_COLLECTED MATERIAL_:

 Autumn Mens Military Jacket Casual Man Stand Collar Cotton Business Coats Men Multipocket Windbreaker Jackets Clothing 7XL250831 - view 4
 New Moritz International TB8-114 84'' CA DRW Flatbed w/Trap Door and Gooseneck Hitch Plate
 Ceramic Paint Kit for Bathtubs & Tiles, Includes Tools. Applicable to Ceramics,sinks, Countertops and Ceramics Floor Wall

_ACTION ITEM_: Retype the data. Keep every word as it stands.

_WRITTEN ANSWER_:
 Autumn Mens Military Jacket Casual Man Stand Collar Cotton Business Coats Men Multipocket Windbreaker Jackets Clothing 7XL250831 - view 4
 New Moritz International TB8-114 84'' CA DRW Flatbed w/Trap Door and Gooseneck Hitch Plate
 Ceramic Paint Kit for Bathtubs & Tiles, Includes Tools. Applicable to Ceramics,sinks, Countertops and Ceramics Floor Wall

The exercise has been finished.